Some would say Verbal branching out on his own to release a solo album is long overdue, whilst others would say it's a huge surprise. Verbal has always been the type of artist who seems to thrive on co-headlining songs with other artists. A large part of M-Flo's stasis was collaborations, something which then spearheaded into the Teriyaki boyz - yet again, another collaborative venture. Verbal's collaborative nature permeates much of his 'debut' album Visionair; featuring a slew of hot producers and 6 guest featuring artists from both sides of the Atlantic. Verbal's penchant for loving the cosiness of collaborations may prevent him from doing a solo album outright, but he continues to show that he has an incredible knack for drawing big names and not allowing himself to be confined by genres. A true visionary of the future of Japanese Hip-hop? He just may well be. But for all of his forward thinking and star attraction, does his debut album stand head and shoulders above his peers?

First major lead single and album opener "Black out" is a progressively forward rap song; mixing elements of jungle, drum 'n bass techno and dubstep. It fuses so much of old, present and new that it manages to just exist as this hot piece of music. The song is brilliant and acts as a nice start to the album because it's very much in line with what Verbal has done as part of M-Flo. I admire Verbal for being gracious in letting Namie and Lil' Wayne shine on the song, but they overshadow him completely. Lil' Wayne's verse renders Verbal's redundant (despite it being a year old recycled verse) and Namie brings that swag in a damn wheelbarrow. A shame, because Verbal rides the beat nicely. For those seeking something else a little M-Flo-ish from Verbal's solo effort can get comfy with "Fall out". Enjoy it untainted whilst you can. Because I'm sure it won't be long until Verbal and newcomer John Fontein's names are in Korean netizens mouths for plagiarism. Because there is a section in the song which sounds very, very similar to G-Dragon's "Heartbreaker". Which in turn sounded very, very similar to Flo'rida's "Right round". So go figure. I usually can't stand these types of songs, but I really do love how warm and fuzzy the chorus sounds, and how it makes me wanna just jump around like a lunatic.

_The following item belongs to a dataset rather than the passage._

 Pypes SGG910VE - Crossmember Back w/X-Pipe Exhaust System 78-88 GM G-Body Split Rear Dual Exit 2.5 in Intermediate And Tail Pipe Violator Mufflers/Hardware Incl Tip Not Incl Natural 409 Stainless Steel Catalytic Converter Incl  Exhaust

Sampling is risky business and can kill a song in cold blood if it's not done properly. "Ball 'n bounce" is a 101 on how not to sample a song. "Ball 'n bounce" samples lines from Jay-Z's "Dirt off your shoulder" - which we all know is a great song. So great in fact, that it should never be sampled. So I have no idea what Swizz Beatz was thinking when he decided to go and sample the damn thing. The sample overpowers the song so much that all you hear is Jay-Z and nothing else. This is a prime example of how a Jay-Z song will not instantly make your song better, nor make it a hit. "Ball 'n bounce" is an over sampled mess.

M-Flo front-man Verbal does his best Kanye 808s & heartbreak impression for "I can't help myself" and "You are...". Minimal depressing sounding affairs, and auto-tuned crooning from the front man himself. Forgettable nonsense.

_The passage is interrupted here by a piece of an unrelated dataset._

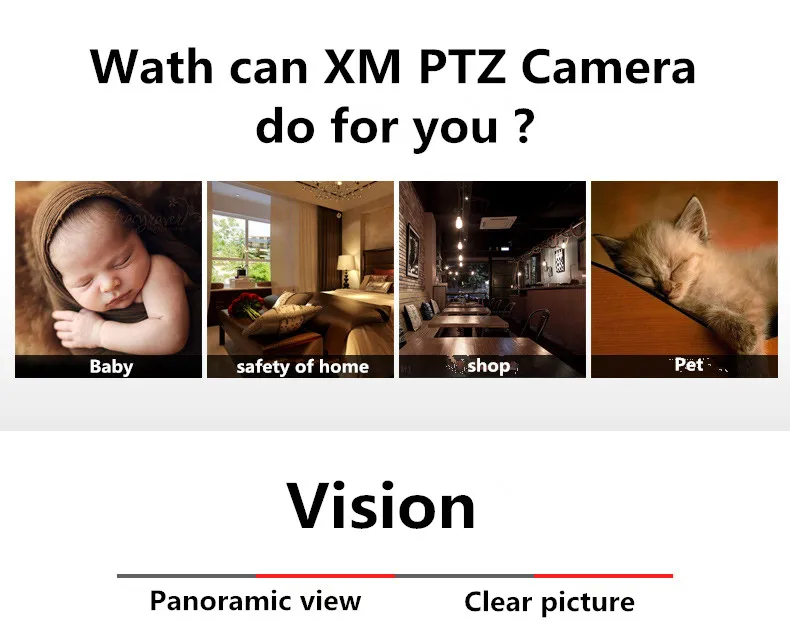1080P XM Беспроводная IP камера День ночного видения wifi Крытая инфракрасная купольная камера видеонаблюдения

Verbal sets his sights worldwide clubs with "Dope boy fresh" and "Stomp dem roach". Both songs knock like Switch productions and are primed for clubs. The Shinichi Osawa produced "Dope boy fresh" goes the euro dance route with its common time stomps, horns and pitch wheeled basslines which range from thick 'n dirty to high frequenced 'n whiny. Major Dude helmed "Stomp dem roach" is much more dancehall oriented and grimey; with its tribal drums, hand claps, Luftwaffe sirens and chants; sounding very much like an M.I.A joint. Both songs are perfect Summer club anthems. Verbal and Avex would be wise to do something to get the tracks serviced to clubs and radio in the West, especially those across Europe.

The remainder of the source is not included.